Records from a data collection
☆ ☆ ☆ ☆ ☆

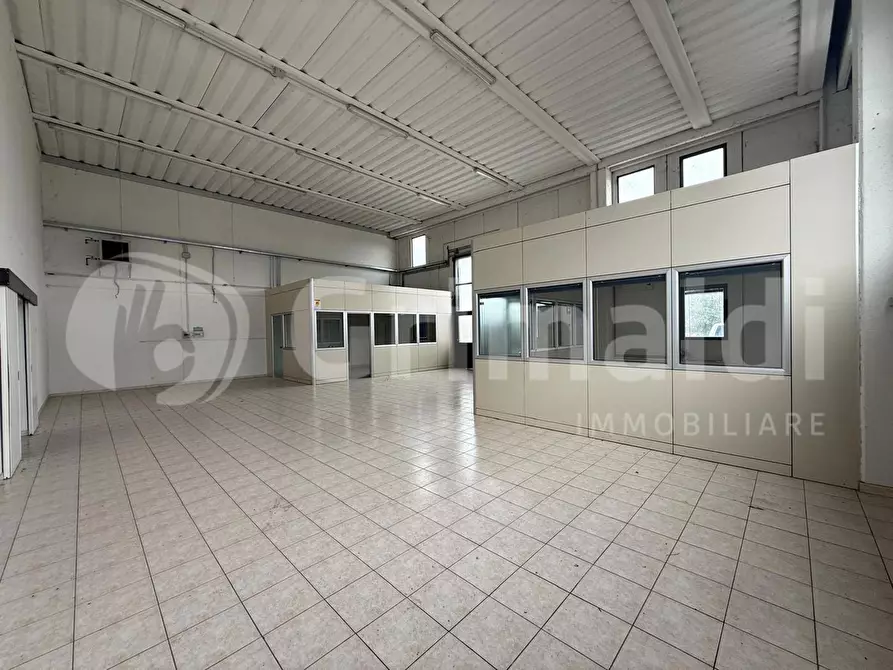 Immagine 6 di Capannone industriale in affitto  in Via camillo bozza a Corciano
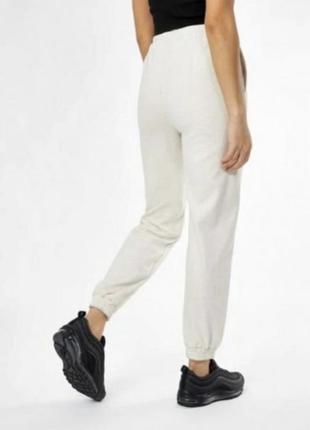 Бежевые спортивные штаны брюки kangol jog pant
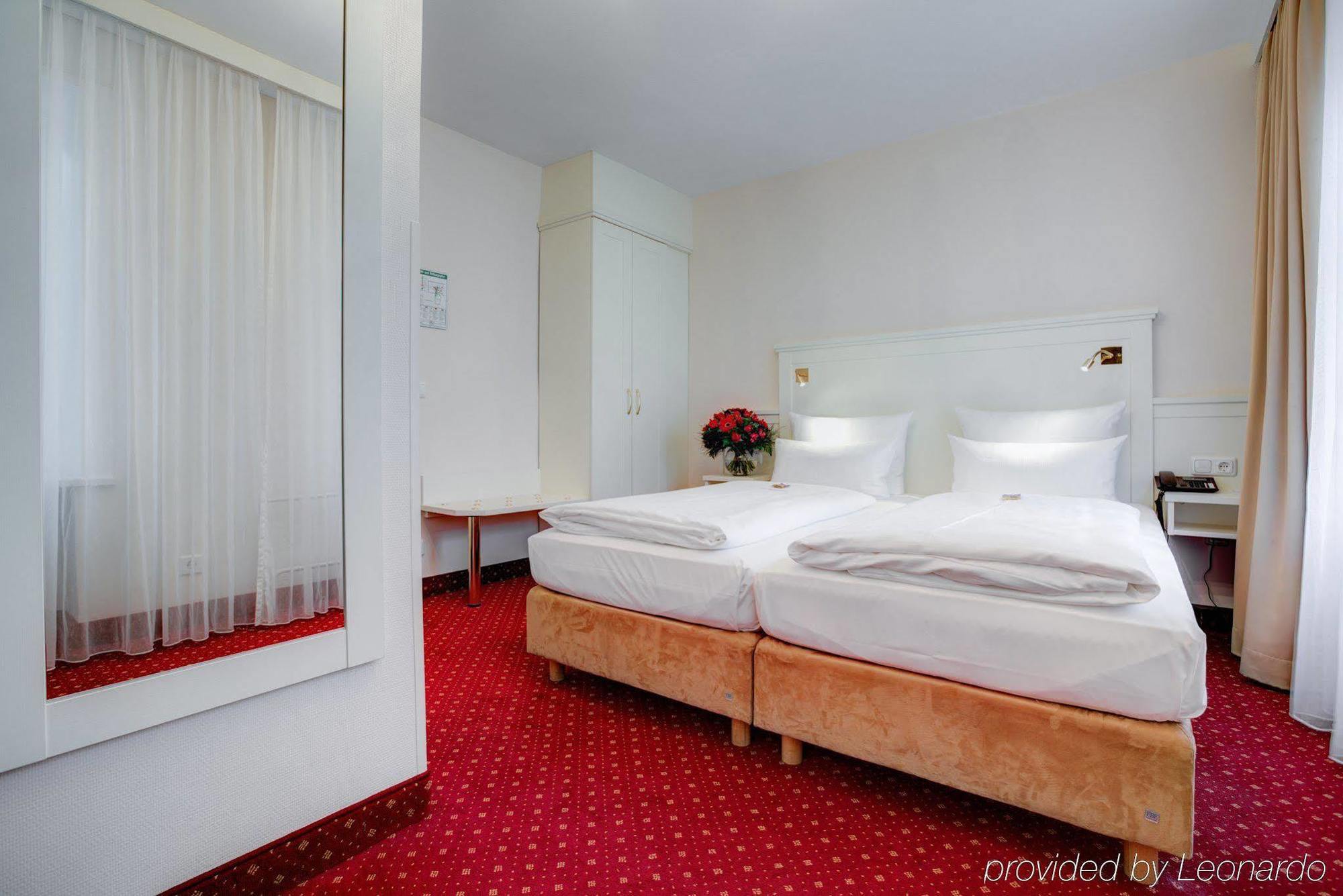 Hotel Fuerst Bismarck Hamburgo Quarto foto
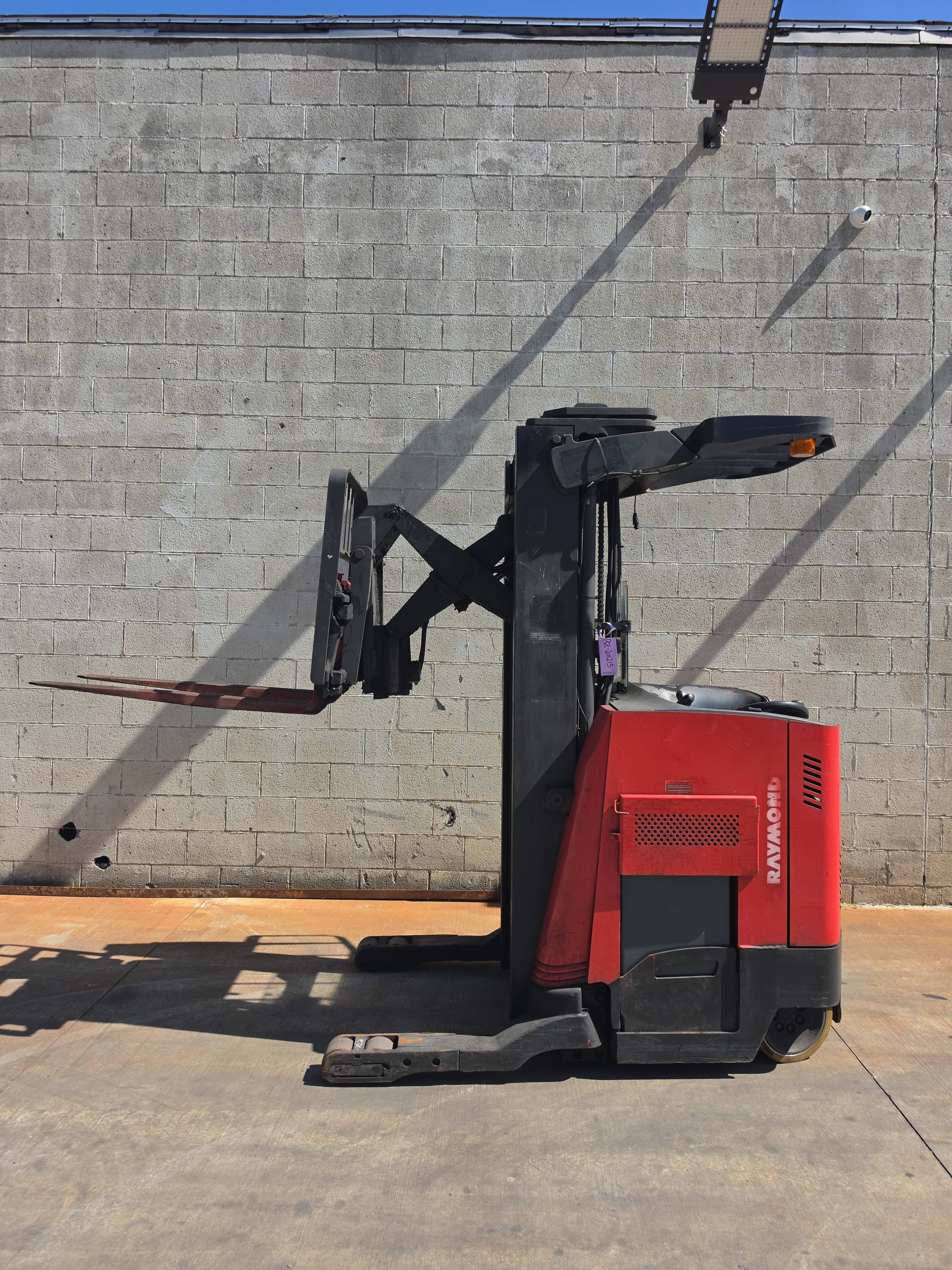 Raymond Model: 750-R45TT 4,500lb Capacity, Single Reach Electric Forklift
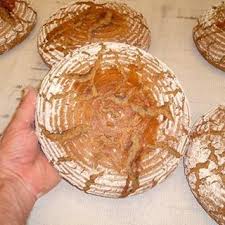 Ein Neuer Tag Ein Neues Brot Brotkunst Backhandwerk Weizenfrei Wienerroither Roggen Wienerroither Backen Essen Laib Maguat Food Bread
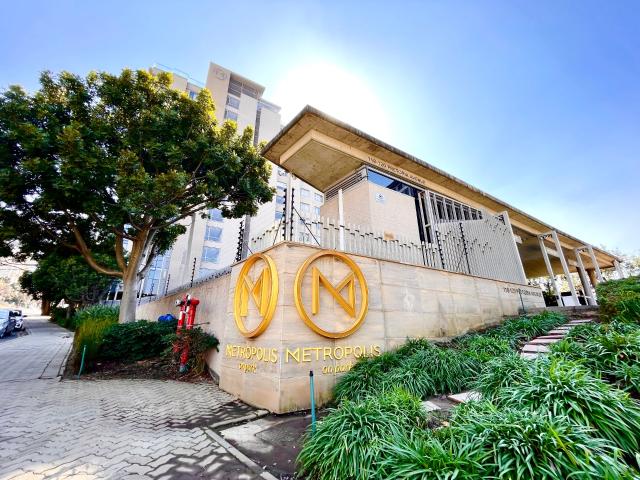 Luxury Fully Furnished Studio at Metropolis On Park!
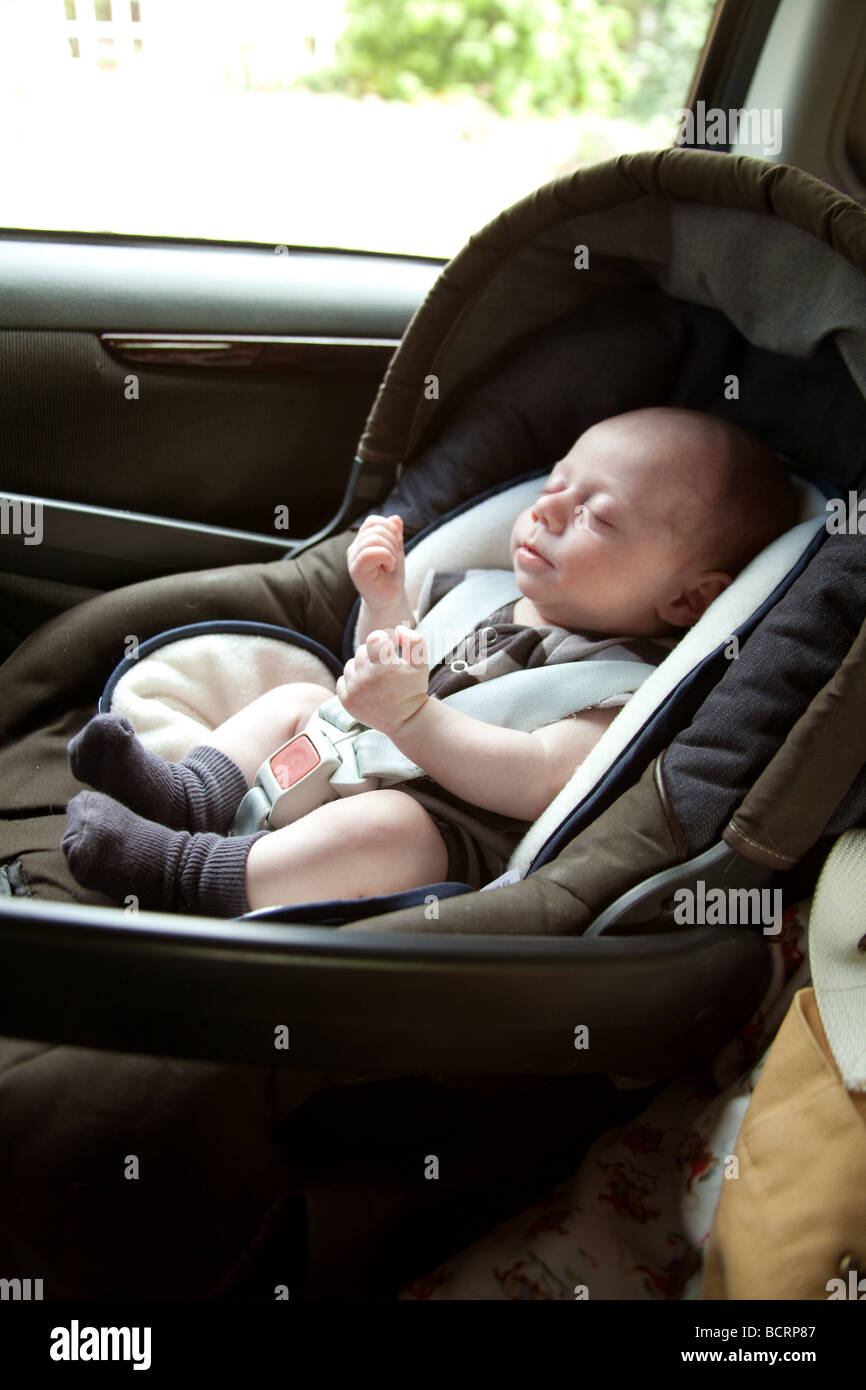 Drei Monate alten Jungen in einem Autositz eingeschlafen. Stockfoto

☆ ☆ ☆ ☆ ☆

■ Exercise aim ■
Exactly reproduce the lines above, starting at the one that contains "Hotel Fuerst Bismarck Hamburgo Quarto foto" and ending at the one that contains "Luxury Fully Furnished", both inclusive; leave the pictures out and add no other lines.

■ Output of the exercise ■
 Hotel Fuerst Bismarck Hamburgo Quarto foto
 Raymond Model: 750-R45TT 4,500lb Capacity, Single Reach Electric Forklift
 Ein Neuer Tag Ein Neues Brot Brotkunst Backhandwerk Weizenfrei Wienerroither Roggen Wienerroither Backen Essen Laib Maguat Food Bread
 Luxury Fully Furnished Studio at Metropolis On Park!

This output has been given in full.